Amitriptyline, haloperidol, clozapine, ondansetron and propranolol are metabolised by CYP1A2, and therefore, a theoretical concern exists that co-administration of Pixuvri may increase blood levels of this medicinal product.

Although a risk to inhibition of pixantrone towards CYP2C8 could not be ascertained, caution should be observed when co-administering substances that are primarily metabolised via CYP2C8, such as repaglinide, rosiglitazone, or paclitaxel e.g. by careful monitoring for side effects.

Based on in vitro studies, pixantrone was found to be a substrate for the membrane transport proteins P-gp/BRCP and OCT1 and agents which inhibit these transporters have the potential to decrease hepatic uptake and excretion efficiency of pixantrone. Blood counts should be closely monitored when co-administered with agents which inhibit such transporters such as ciclosporin A or tacrolimus, commonly used to control chronic graft-versus-host disease, and the anti-HIV agents ritonavir, saquinavir, or nelfinavir.

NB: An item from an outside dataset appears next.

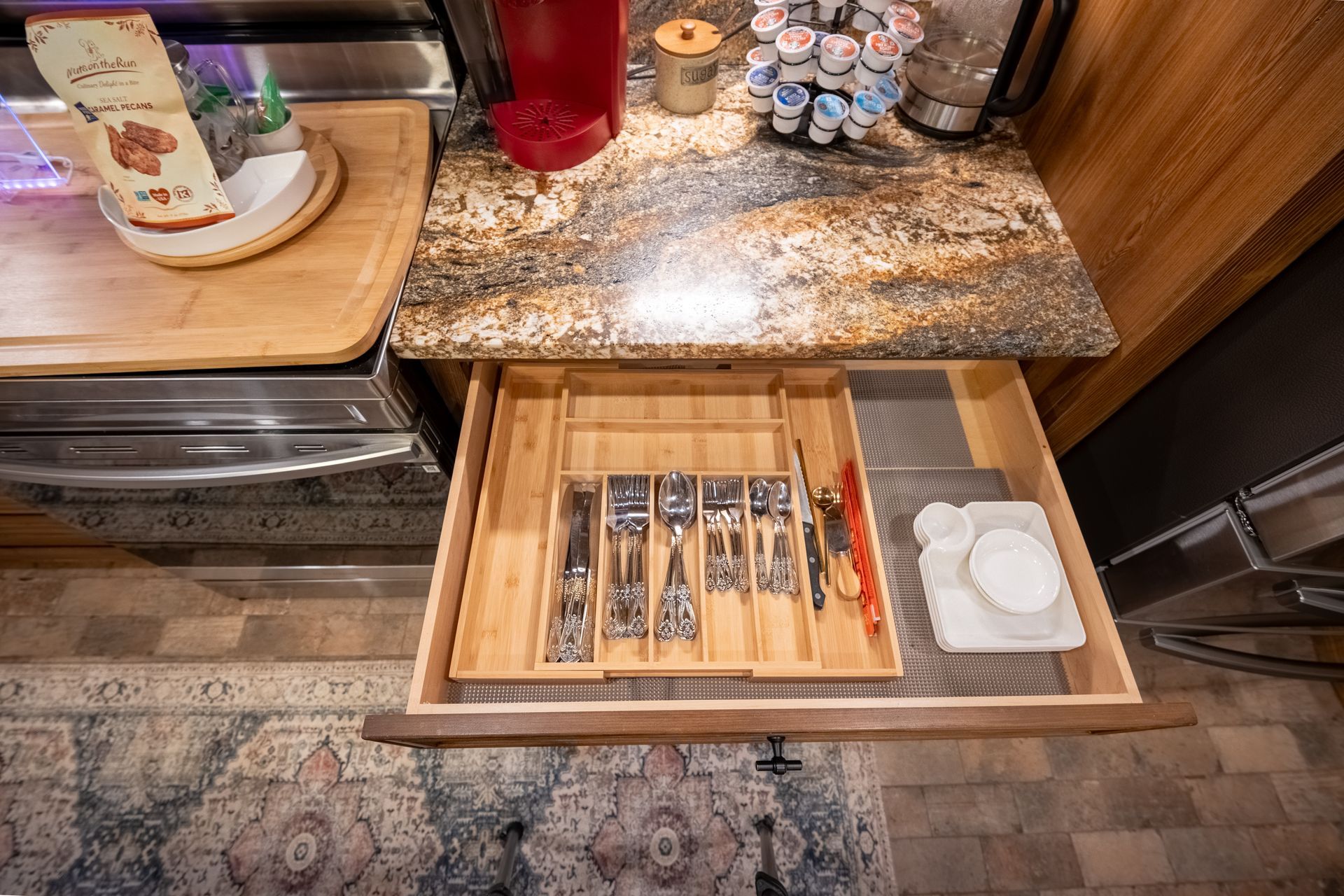 An open kitchen drawer containing a wooden cutlery organizer, next to a granite countertop with kitchen items.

In addition, caution should be taken when pixantrone is continuously co-administered with efflux transport inducers such as rifampicin, carbamazepine and glucocorticoids, as pixantrone excretion might be increased with a consequent decrease of systemic exposure.

4.6 Fertility, pregnancy and lactation

Women of childbearing potential

Women of childbearing potential and their partners should be advised to avoid pregnancies.

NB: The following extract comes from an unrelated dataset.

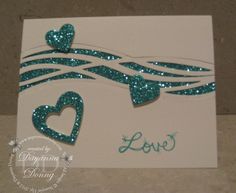 a card with two hearts on it and the word love is written in blue glitter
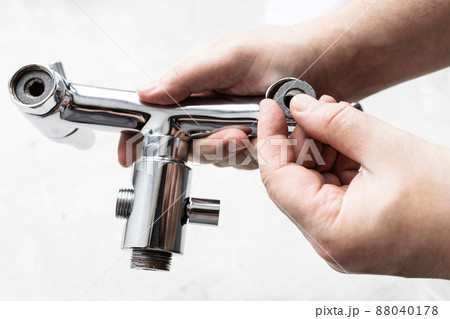 plumber installs paronite gasket in faucet closeup 88040178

Women and men must use effective contraception during and up to 6 months after treatment.


There are no data from the use of pixantrone in pregnant women. Studies in animals have shown reproductive toxicity (see section 5.3).

Pixuvri is not recommended during pregnancy and in women of childbearing potential not using contraception.


It is unknown whether Pixuvri/metabolites are excreted in human milk.

A risk to the newborn/infants cannot be excluded.

Breast-feeding should be discontinued during treatment with Pixuvri.


After repeated administrations of Pixuvri at doses as low as 0.1 mg/kg/day, a dose-dependent testicular atrophy was detected in the dogs. This effect has not been evaluated in humans. As with other agents in the general class of deoxyribonucleic acid (DNA) damaging agents, Pixuvri may be associated with fertility impairment. Whilst the effect on fertility has not been ascertained, a precaution will be to advise male patients to use contraceptive methods (preferably barrier) during treatment and for a period of 6 months post-treatment to allow new sperm to mature. To avoid the risk of long term infertility, sperm banking should be considered.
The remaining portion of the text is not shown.